More details have been revealed about the X-37B spaceplane's upcoming OTV-4 mission. When it launches on May 20 from Cape Canaveral Air Force Station in Florida, the (not entirely) secret X-37B will carry a NASA experiment called Materials Exposure and Technology Innovation in Space (METIS) designed to test new materials for use in future spacecraft.
Space is an exceedingly harsh environment with extremes of heat and cold, hard radiation, and equally hard vacuum that does common materials no good at all. For this reason exotic materials are often used in spacecraft, but some of these have properties that are not fully understood.
Even the best laboratory testing is limited, so to avoid unpleasant surprises, engineers have been keen on testing space materials on site ever since the first Sputnik launches. Back in 1969, the Apollo 12 astronauts recovered bits of the Surveyor 3 lander, which was sent to the Moon two years before. From 1984 to 1990, NASA orbited its Long Duration Exposure Facility (LDE) satellite containing a battery of samples open to space, which was followed by the Mir Environmental Effects Payload (MEEP), which flew on the Russian Mir space station from 1996 to 1997. Then there was the Materials International Space Station Experiment (MISSE) that carried 4,000 samples on the International Space Station (ISS) from 2001 to 2013.
METIS builds directly on these experiments with about 100 different materials samples the size of a US quarter including polymers, composites, and coatings. Some have already flown on MISSE and the idea is to verify results by exposure to a different orbital environment. Open to space for over 200 days, NASA says that the goal is that some test materials could replace obsolescent ones on future spacecraft and constructions.

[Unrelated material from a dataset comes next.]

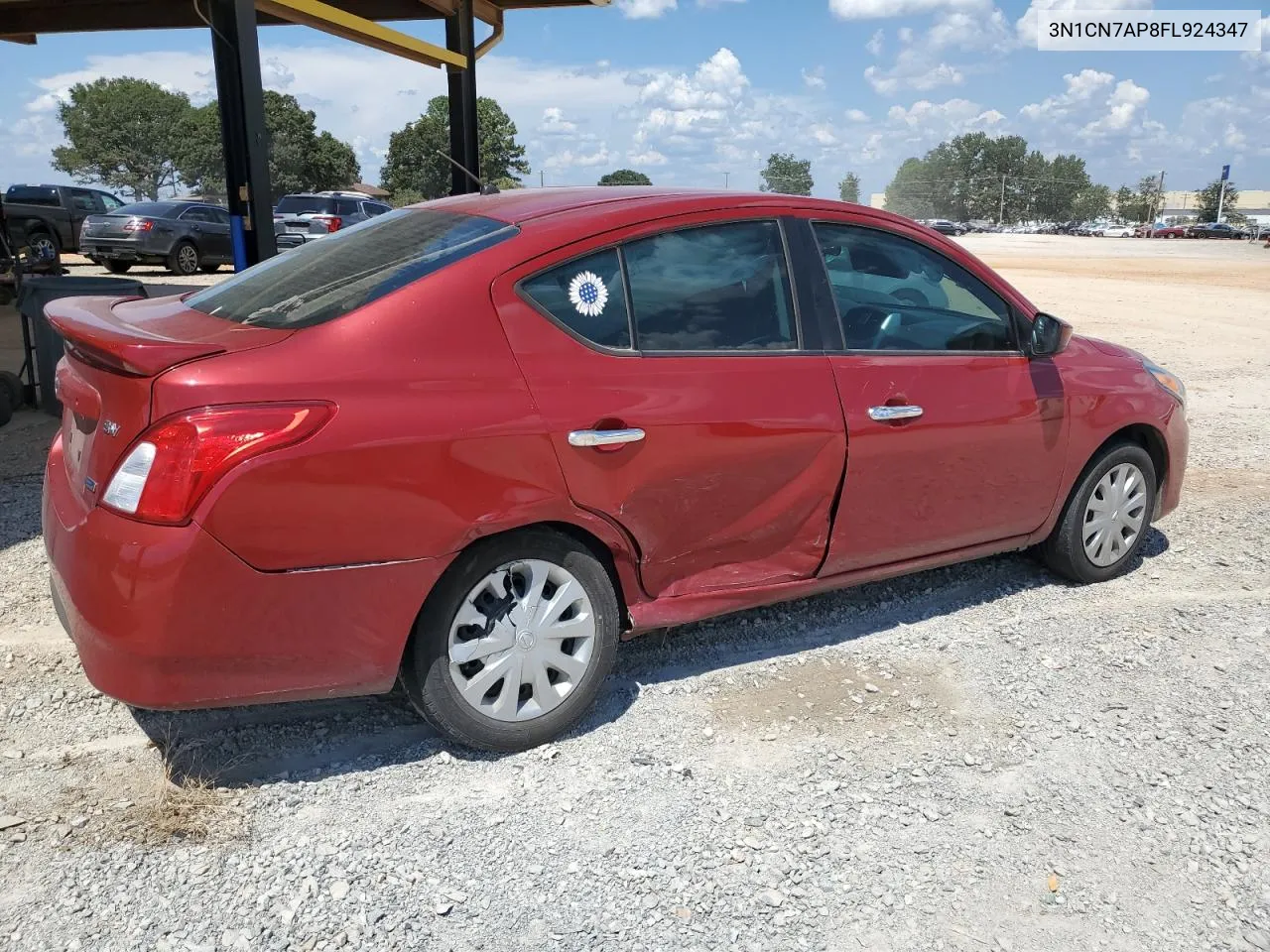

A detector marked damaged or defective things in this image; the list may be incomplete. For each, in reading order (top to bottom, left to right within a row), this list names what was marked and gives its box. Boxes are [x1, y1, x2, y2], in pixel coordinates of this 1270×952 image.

"By exposing materials to space and returning the samples to Earth, we gain valuable data about how the materials hold up in the environment in which they will have to operate," says Miria Finckenor, the co-investigator on the MISSE experiment and principal investigator for METIS at NASA’s Marshall Space Flight Center in Huntsville, Alabama. "Spacecraft designers can use this information to choose the best material for specific applications, such as thermal protection or antennas or any other space hardware."